══ Data segment

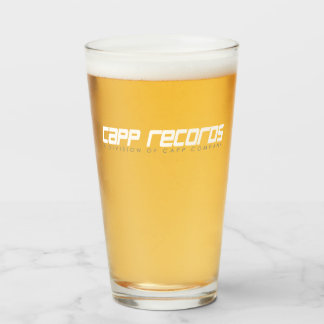 CAPP-Platten Bierglas Glas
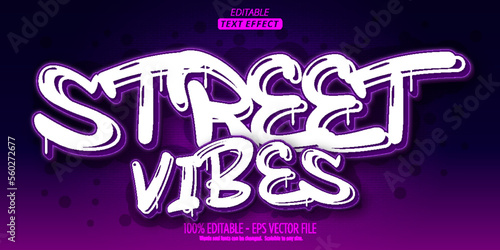 Graffiti text effect, editable street vibes text style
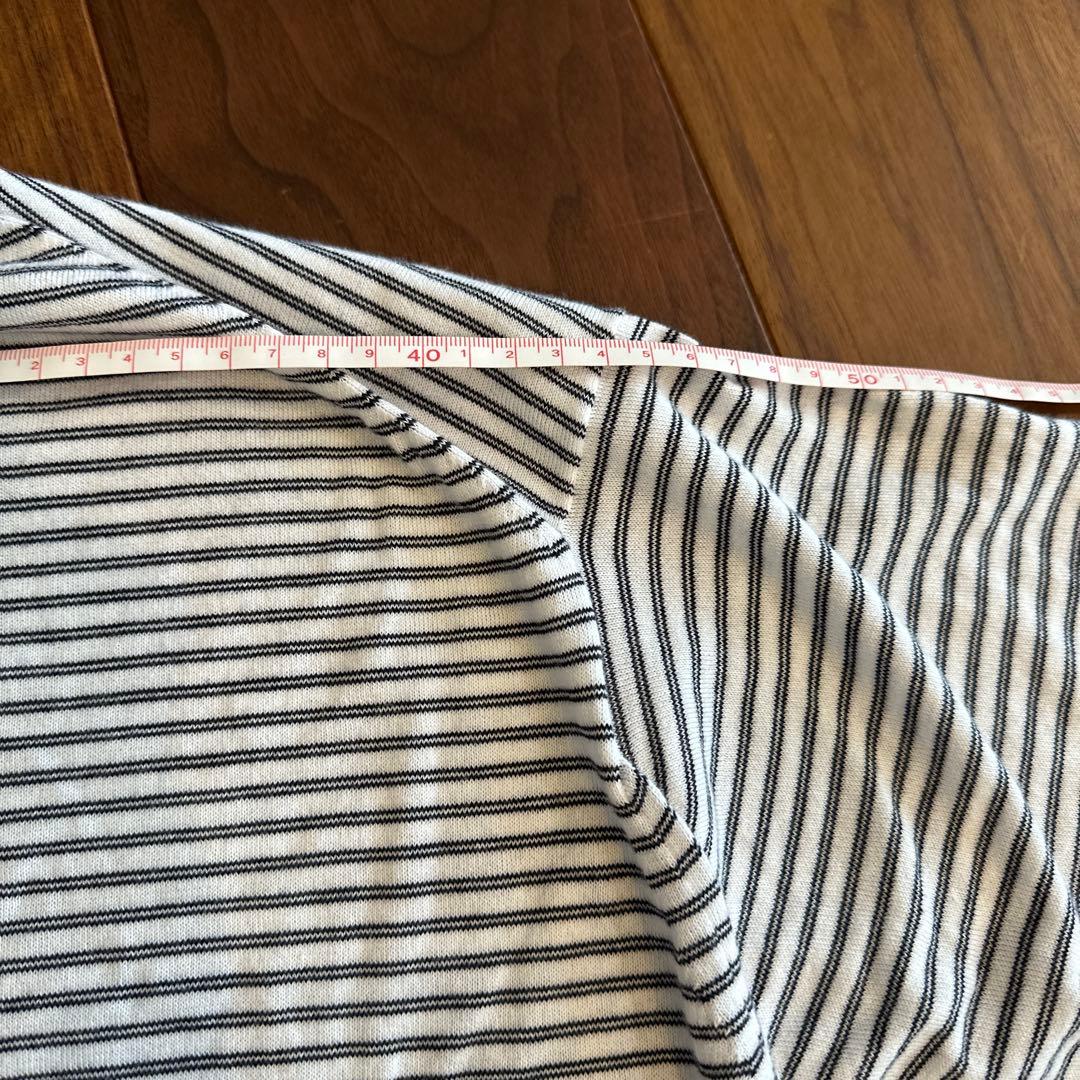 JOHN SMEDLEY ストライプ Tシャツ M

════

■ Activity
Retype only the lines from the line with "Graffiti text effect, editable" through the last line of the data. Keep both ends and skip the pictures.

■ Answer to the problem
 Graffiti text effect, editable street vibes text style
 JOHN SMEDLEY ストライプ Tシャツ M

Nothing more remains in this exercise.